Built in 1939 for the then-new park district, the long, four-story limestone building, 425 E. McFetridge Dr., abutted Soldier Field’s northern edge, as the image above shows.
The vanished building is worth a revisit. The old headquarters, with its strong WPA modern design and European modernist inflections, was unusual for Chicago—if only because so little on that scale was built here in the 1930s. The building lives on, thanks to a compelling set of Historic American Building Survey images on the Library of Congress website. The photos accompanying this piece come from there.

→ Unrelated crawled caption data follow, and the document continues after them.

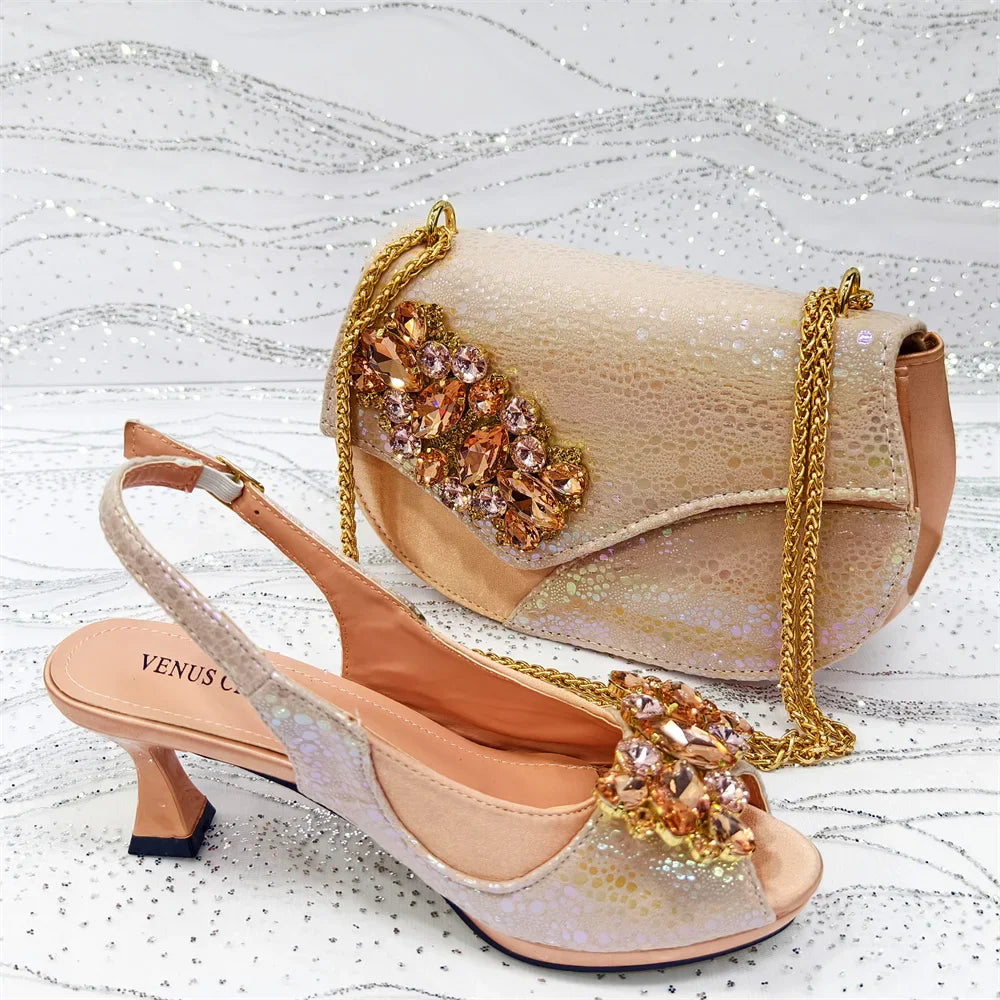 Newest Style Elegant Women High Heels And Bag Set EDS345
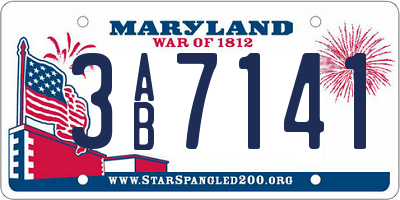MD license plate 3AB7141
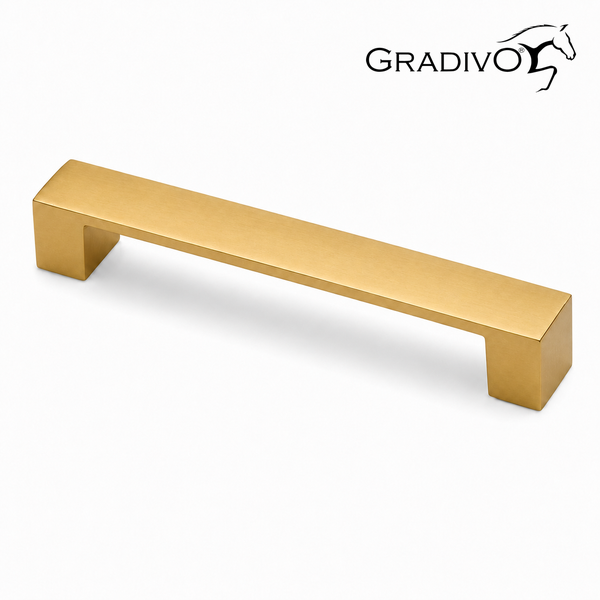 Eckiger Möbelgriff aus Metall in Gold-Optik mit gebürsteter Oberfläche, Gradivo Logo.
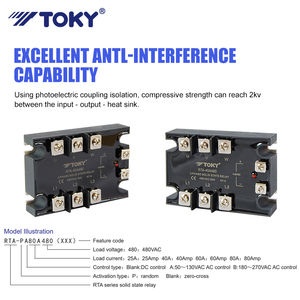 Factory Direct Sales DC 4-32V Control <strong>Signal</strong> <strong>Input</strong> SCR <strong>Output</strong> Zero-cross Activation 80A Solid State <strong>Relay</strong> - Product Image 2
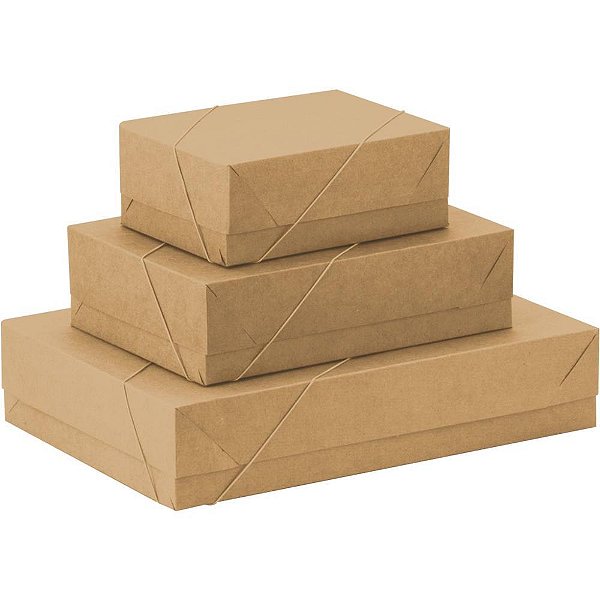 Caixa para presente com tampa kraft pq 19x14,5x7,5 elast. - cristina (pct.c/10)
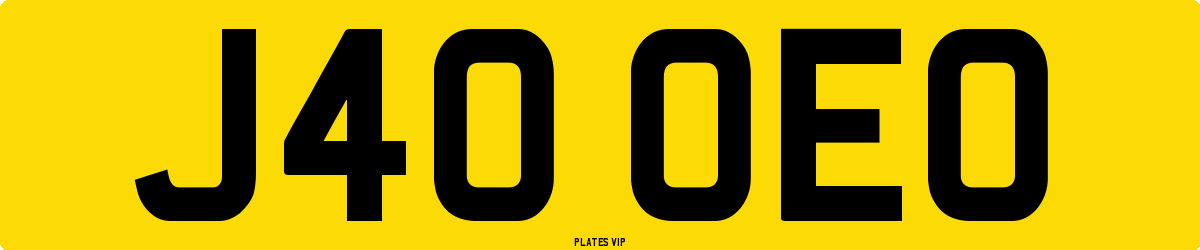 J40 OEO Number Plate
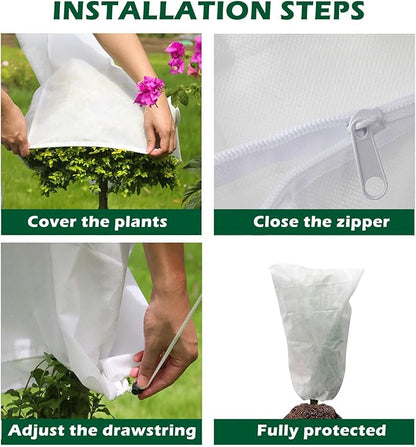 GardenPal 2 Pack Plant Covers Freeze Protection with Zipper, 47''×70'' Thicken Frost Cloth with Drawstring Reusable for Outdoor Plants, Frost Cloth Plants Freeze Protection (47''×70''(2pcs))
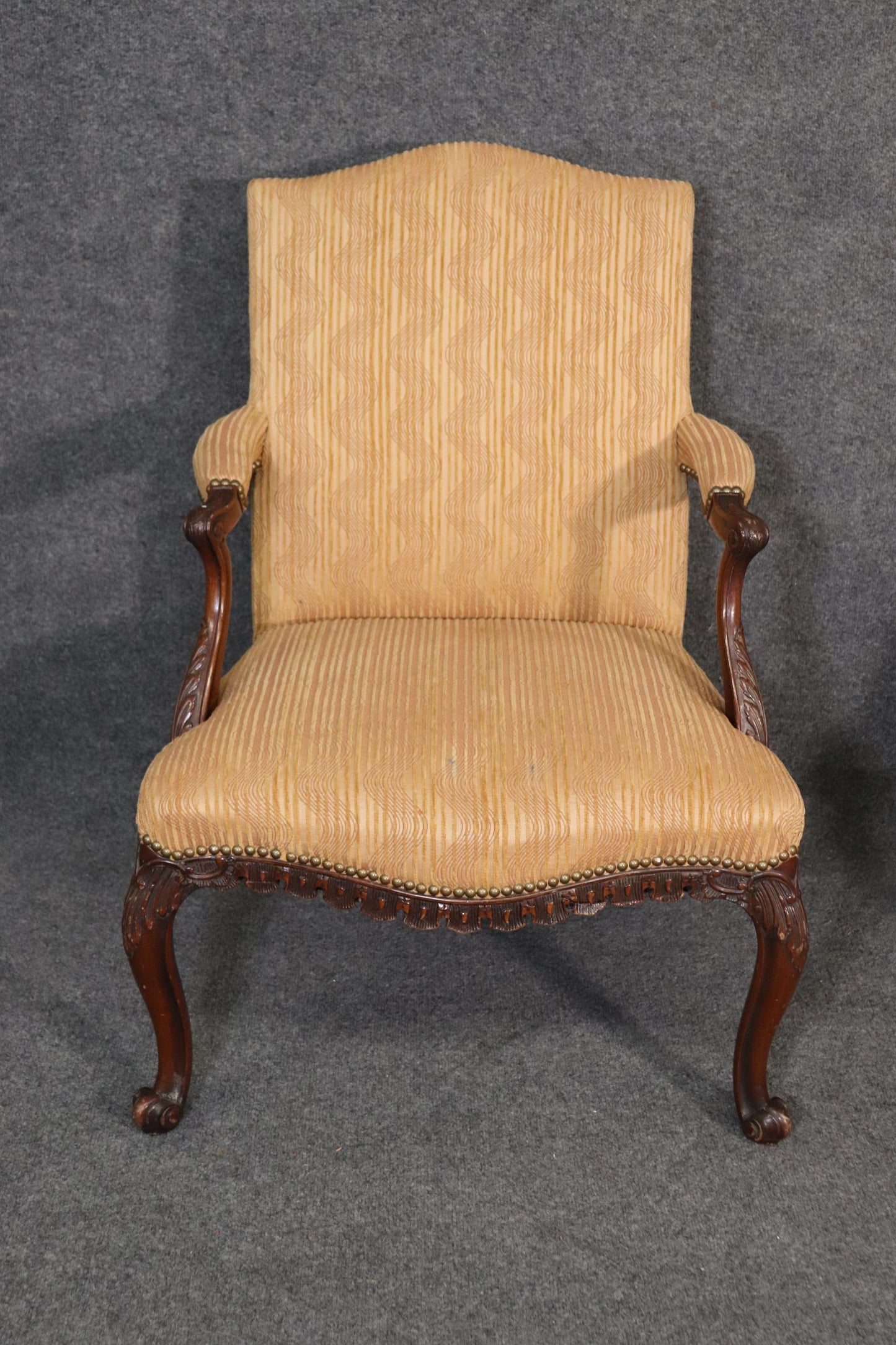 Pair of English Georgian Carved Mahogany Armchairs, Circa 1940s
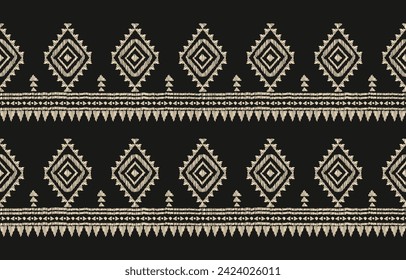 Ethnic ikat seamless pattern in tribal. Aztec geometric ethnic ornament print. Ethnic pattern style. Design for background, illustration, fabric, clothing, carpet, textile, batik, embroidery.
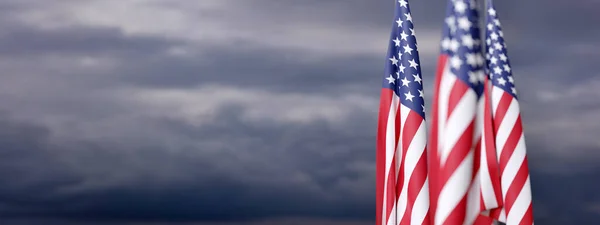 Usa Flags Poles Cloudy Sky Background Banner National America Holiday — 스톡 사진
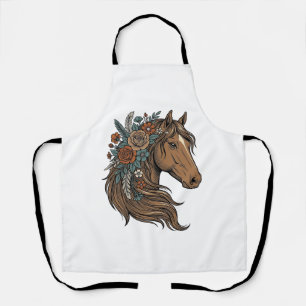 Tablier Conception vectorielle de tête de cheval floral vi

Here’s a photo of the lobby during the building’s final years. You can get sense of the building’s modernity with the circular recessed lights and the marble walls:
The open staircase, with its minimalist, curved railings…nice:
And look at this enclosed garden out back, with seating, located outside the building’s basement dining hall:
Here’s the park district board room:
And here’s a photo taken from the roof of the Field Museum showing the building and the stadium—pre-renovations—behind it:
The administration building was in sad shape in its last years. The park district estimated it would have then $20 million to fix up the old building—and that was in the mid-1990s.
It was demolished in 2001 and the agency took up residence, as renters, at 541 N. Fairbanks.